Ognuno di noi ha un modo diverso di visualizzare le immagini che arrivano al nostro cervello leggendo una storia. Luoghi, personaggi, situazioni che sono inchiostro nero su pagine bianche hanno la capacità di prendere forma e cambiarla a piacimento man mano che la storia si dipana.
Più le immagini diventano vivide e forti e più noi abbiamo non solo voglia ma bisogno di continuare con la lettura che magari abbiamo distrattamente iniziato. Questo è quello che mi è capitato leggendo, o meglio divorando Il duca di Matteo Melchiorre.
Il duca è l'ultimo erede di una dinastia ormai estinta e si è ritirato a vivere nell'antica villa di famiglia a Vallorgana, un paese a ridosso della montagna. È una persona colta e schiva, che ama le ricerche erudite ma non disdegna di passare il tempo facendo piccoli lavori di manutenzione alla villa. Finché un giorno, il caro fidato Nelso Tabiona, boscaiolo e tuttofare, gli porta la notizia che nei boschi della Val Fonda gli stanno rubando seicento quintali di legname. Mandatario del furto è Mario Fastréda: un ottantenne forte, dinamico, uno di quelli che ha vissuto quando il mondo era conquistabile, usando qualsiasi mezzo per avere potere sempre comunque in modo subdolo.
Nelso osservò che erano gli anni in cui sembrava che il mondo fosse destinato a migliorare all'infinito. Chi aveva i soldi poteva spenderli ed essere certo, dopodomani, di ritrovarli in tasca maggiorati
Un paese di montagna, un'antica villa con troppe stanze, l'ultimo erede di un casato ormai estinto, lo scontro al calor bianco tra due uomini che non sembrano avere nulla in comune... Quanto siamo fedeli all'idea di noi stessi che abbiamo ricevuto in sorte? Matteo Melchiorre ha costruito una storia tesissima ed epica sulla furia del potere, le leggi della natura e la libertà individuale.

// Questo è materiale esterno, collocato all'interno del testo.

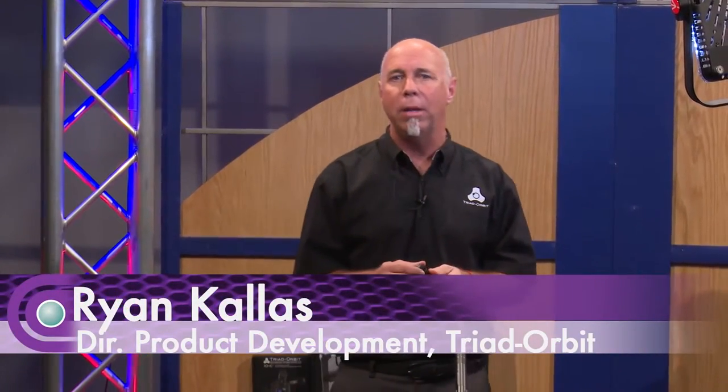Hi, my name is Ryan Callas. I'm the Director of Product Development for Triad Orbit Advanced Stand Systems. We're here at Full Compass today to show you how Triad Orbit Advanced Stand Systems can increase your productivity in a much smaller footprint.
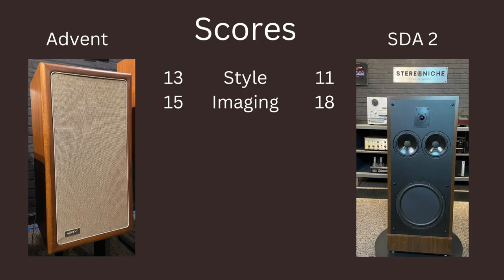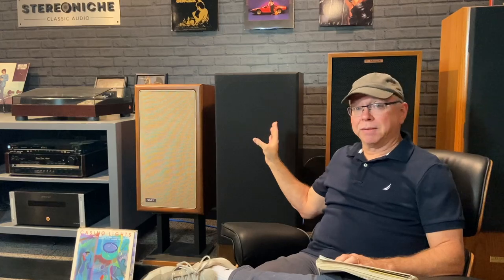For imaging, I had given the Advents a 15, and for the Polks I gave them an 18. Why not a 20? I have heard some electrostats, and if you haven't heard an electrostat, it's quite a different experience. They do a job on imaging that's hard to parallel with many other speakers, but these come very close. So the 18 is, I think, the best rating for them. On to the lows.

È considerato il capo indiscusso di Vallorgara, come se il paese, non avendo più un nobile a cui offrire i propri servigi e a cui affidarsi in caso di diverbi, avesse trovato in un uomo del popolo un capo. Può essere un piccolo paese o una nazione ma quel che ci sembra di capire è che se si è abituati a stare “sotto padrone”, in mancanza di questo, se ne cercherà sempre un altro, e al pari dei nobili, Mario Fastréda si era circondato di vassalli pronti a fargli scudo contro qualsiasi avversità.

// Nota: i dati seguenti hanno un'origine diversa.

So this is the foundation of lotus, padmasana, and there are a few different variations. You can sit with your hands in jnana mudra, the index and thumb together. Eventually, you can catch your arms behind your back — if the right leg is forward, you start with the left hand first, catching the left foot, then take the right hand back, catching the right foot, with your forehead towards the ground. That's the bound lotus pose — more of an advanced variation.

Il duca inizialmente evita lo scontro ma la discordia si fa avanti, la smania di riprendersi i legittimi confini lo cambiano e lo portano in un vortice fatto di leggi, avvocati e nevrosi. La ricerca spasmodica di carte che possano avvalorare le sue ragioni lo portano a conoscere tante storie dette e non dette di un paese che è un piccolo universo di persone, di racconti collettivi che sono la cultura popolare del posto. Ma il duca è comunque persona buona e schiva che in Nelso cerca non solo un aiuto fisico per le sue faccende ma un amico, un confidente, una autorevole voce che gli indichi di volta in volta la cosa giusta da fare, anche se poi non lo sta sempre ad ascoltare. In Nelso le ragioni della montagna, si fanno forti e tangibili. Una montagna che non è mai un luogo idilliaco dove fare le nostre belle passeggiate domenicali, un luogo dove la vita di tutti i giorni può essere dura e i rapporti tra le persone non sempre facili.

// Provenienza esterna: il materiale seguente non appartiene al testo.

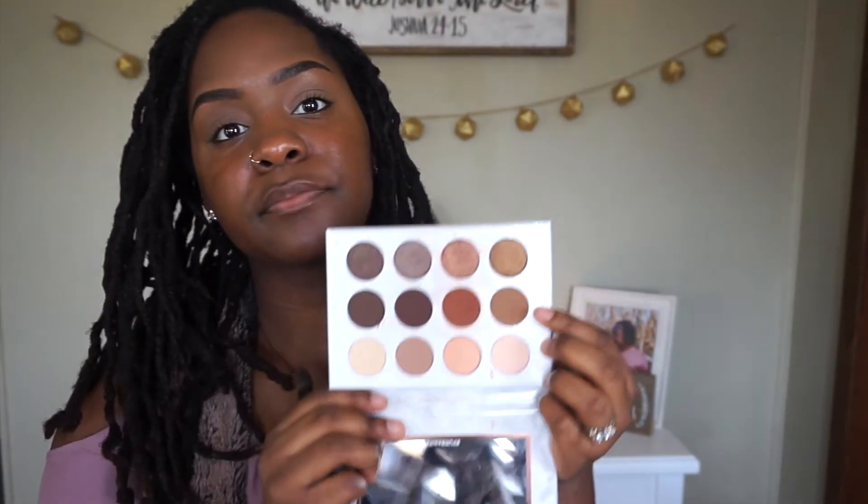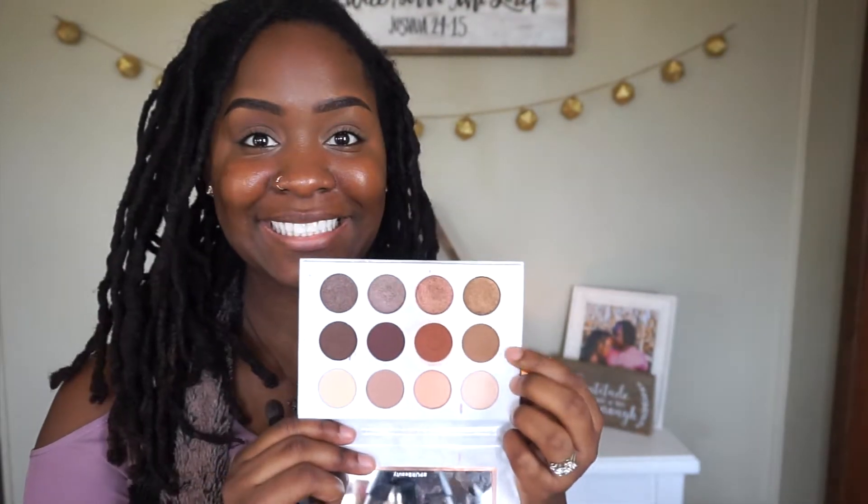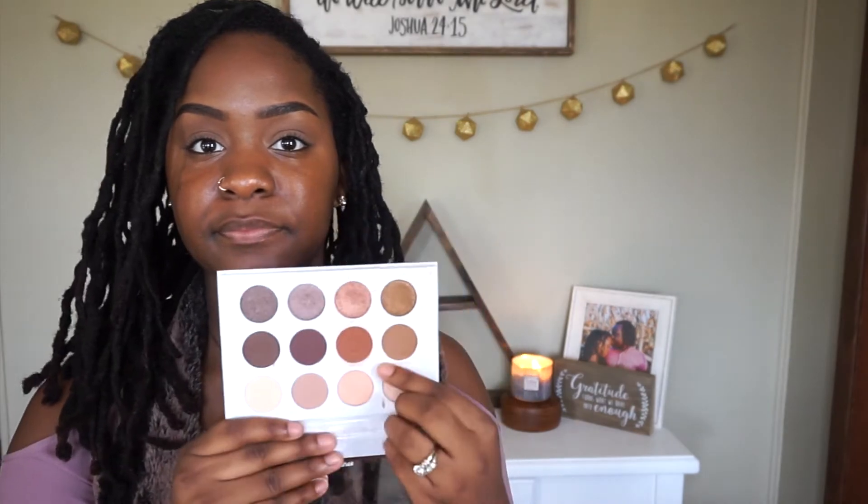Now we see here she's putting on the setting spray — a setting mist, I don't know what it's called really. And then we have our Soirée Diaries eyeshadow palette. She's wiping it down — you wipe it, girl! Looks good. You want to go left to right, definitely not up and down.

“Maledetto avvocato, soprattutto: uomo di carta e di parole, uomo evidentemente ignorantissimo in fatto di boschi... come se non ci fosse invece una logica faticosa e intelligente nel taglio di un bosco: individuare le parabole di caduta in modo tale che pianta non cada su pianta, studiare passaggi per il prelievo dei tronchi, concepire spazi adeguati per le cataste”
Nelle 450 pagine di questo epico e monumentale romanzo ho spalmato le immagini nella mia mente sfruttando i ricordi dei monti vicino dove sono nata, da queste immagini si è sviluppato un film: dal taglio del foraggio di Nelso (segàr, slargàr, oltàr, far rèla e infine cargàr) alla raccolta dei porcini in montagna, dove chi è più bravo conosce e difende le proprie zòche, alle cappelle di san Rocco o ai capitelli di San Martino. Un mondo, quello della montagna, o come per me, della Pedemontana, dove la cultura popolare, anche se non più forte come una volta, è comunque ancora viva e collettiva.
Un libro che sa scavare nel presente come nel passato capace di rendere universali quelle che possono sembrare piccole o grandi storie di paese.